I'd love to see a discussion of that.
Other Voices: G. Michael Bolser He maintains that the NG prices have been so weird that he believes there has been central bank kinds of interventions. He has a web business @ interventionalanalysis.com trying to find indicators of gov/banking meddling, and maintains this is especially true with precious metals. Could this be?
There is plenty of evidence of manipulation of gold prices, just hunt around the gold sites and you'll find opinion and some hard evidence. There is circumstantial evidence they intervened in oil markets when the Katrina spike hit, probably mostly to get their proxies out of a short hole. I know almost nothing about NG trades so won't comment on that. They are occasionally active on stocks to prevent significant falls. It's why they are known as the PPT (plunge protection team).
But the effects are much greater than their intervention. Just the awareness that the PPT may meddle changes market behavior quite significantly - it knows the risk in the 'bad' direction is more limited than in a 'true' market. 'Problems' will occur, however, should the PPT or whatever fail to hold the line, then the market may take real control and perhaps over-react.
The recent price breakout in gold may be an example. It's now about 20% higher than a few months back, the move happened quite fast, the 'controllers' didn't have the bullets to stop it so had to stand back and let it rip. They will be intervening already or soon, the price may drop back to $500 or even lower, then another upwards wave will force the price higher. Spotting that moment could be lucrative, getting it wrong, costly. I'd be looking to late March as a buying time for gold unless geopolitics intervene, I'd be selling just now.
Warm January saved winter gas supply
Here in the northeast, the weather has been so warm it's a scary. The pear tree outside my window budded in January. I think it's close to blossoming - or would be, if a nor'easter weren't blowing in this weekend.
The warm weather is not all good news. It means not much snow pack, which might mean drought this summer. And if the summer is also unusually warm, we'll be using up natural gas for air conditioning.
1. January was one of the warmest Januarys on record for much of the midwest and northeast. This pulled the rug out from under demand and allowed inventories to build.
2. The fall was dryer than usual in many grain growing areas, requiring less gas than usual to dry the crop for storage.

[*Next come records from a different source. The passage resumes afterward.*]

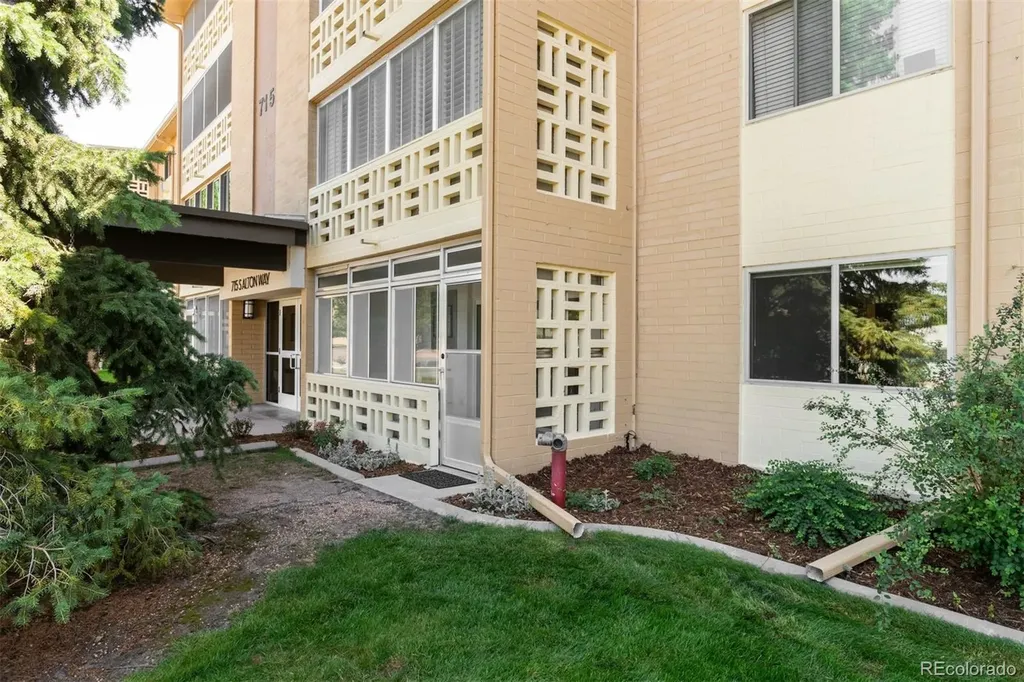 715 S Alton Way Denver CO 80247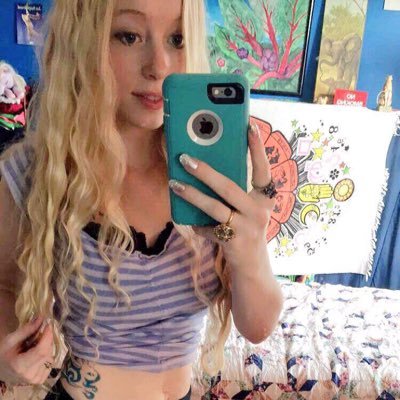 smokeforfree's profile picture. 🌊☀️💜Violet Jade💜 ☀️🌊 '96 '14 5/18/16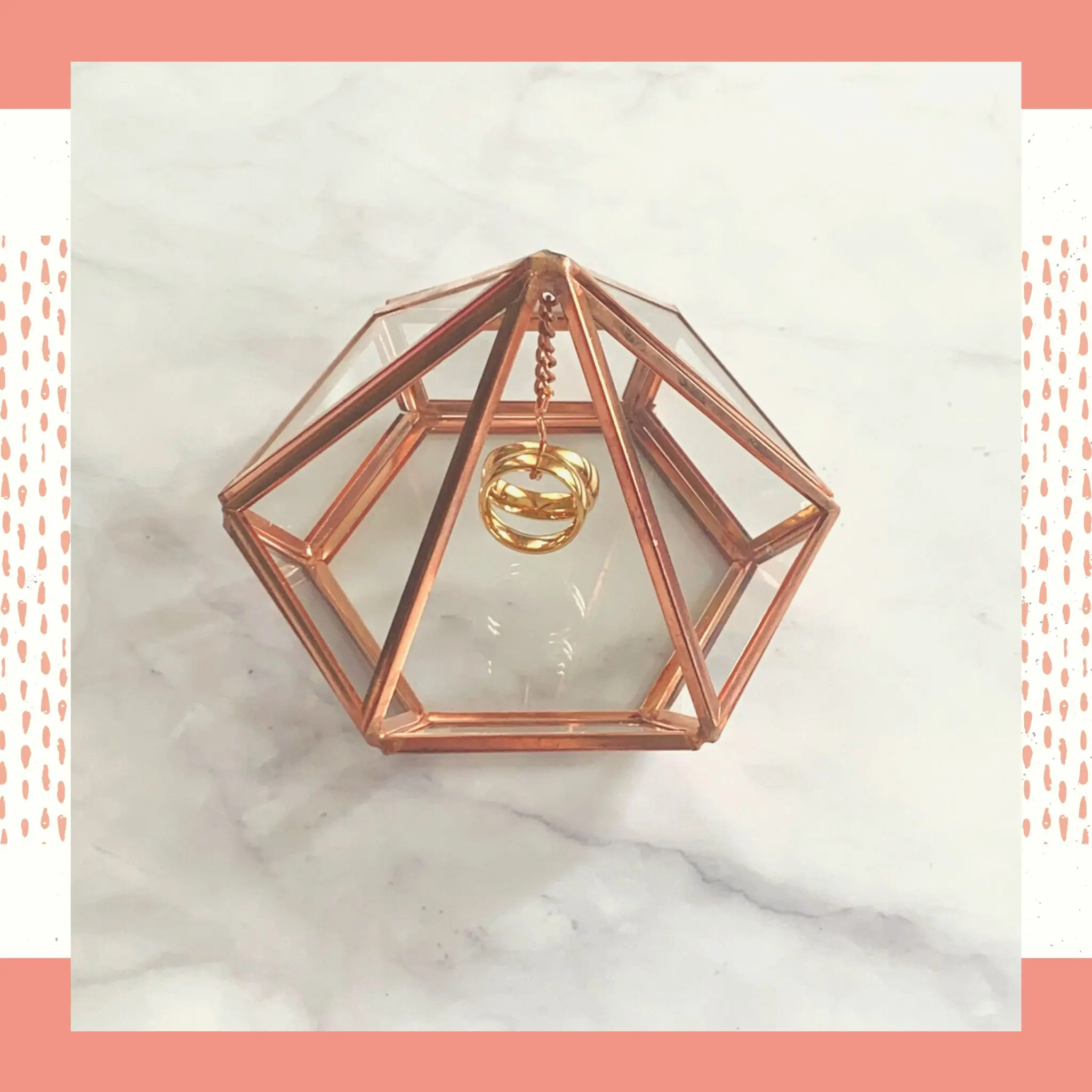 Porta aliança minimalista na cor ouro rose em formato geométrico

3. Some heavy industrial users of gas cut back their use because of the high prices. Supposedly fertilizer manufacturers, chemical companies, and some plastics manufacturers have cut back significantly. There have been some accounts of these companies selling their gas from forward contracts back into the spot market to make money.
4. Insulation and wood stove sales have been unusually high. Lots of people are getting the message and conserving in various ways.
5. Production is slowly coming back on line in the GOM.
The trend is probably still intact
but we dodged a bullet with the near record warm January. Next year we get to try our hand at dodging another bullet!
Natural Gas futures usually follow a seasonal pattern of bottoming around mid-February. It is very consistent pattern.
...hopefully it will occur this year too since I just started nibbling long on NG... :)
In the short run, it is going to be interesting to see where natural gas prices end up. But, as a natural gas insider told me one time, "In the natural gas business, the difference between a glut and a shortage is 2%." Volatility does not begin to describe natural gas prices. In the past few weeks, one day fluctuations in prices were greater than the absolute price that we were getting at the wellhead a few years ago.
There may be some pretty interesting buying opportunities this summer in domestic oil and gas companies that are heavily weighted toward natural gas.
Where it will get interesting is if, as I suspect, Cat 5 hurricanes are going to be a recurring phenomenon on the Gulf Coast. The damage will be cumulative as both the production and drilling infrastructure is damaged, plus the personnel factor. In 2007, for every two experienced oil and gas professionals that we had in 2000, there may be only one left.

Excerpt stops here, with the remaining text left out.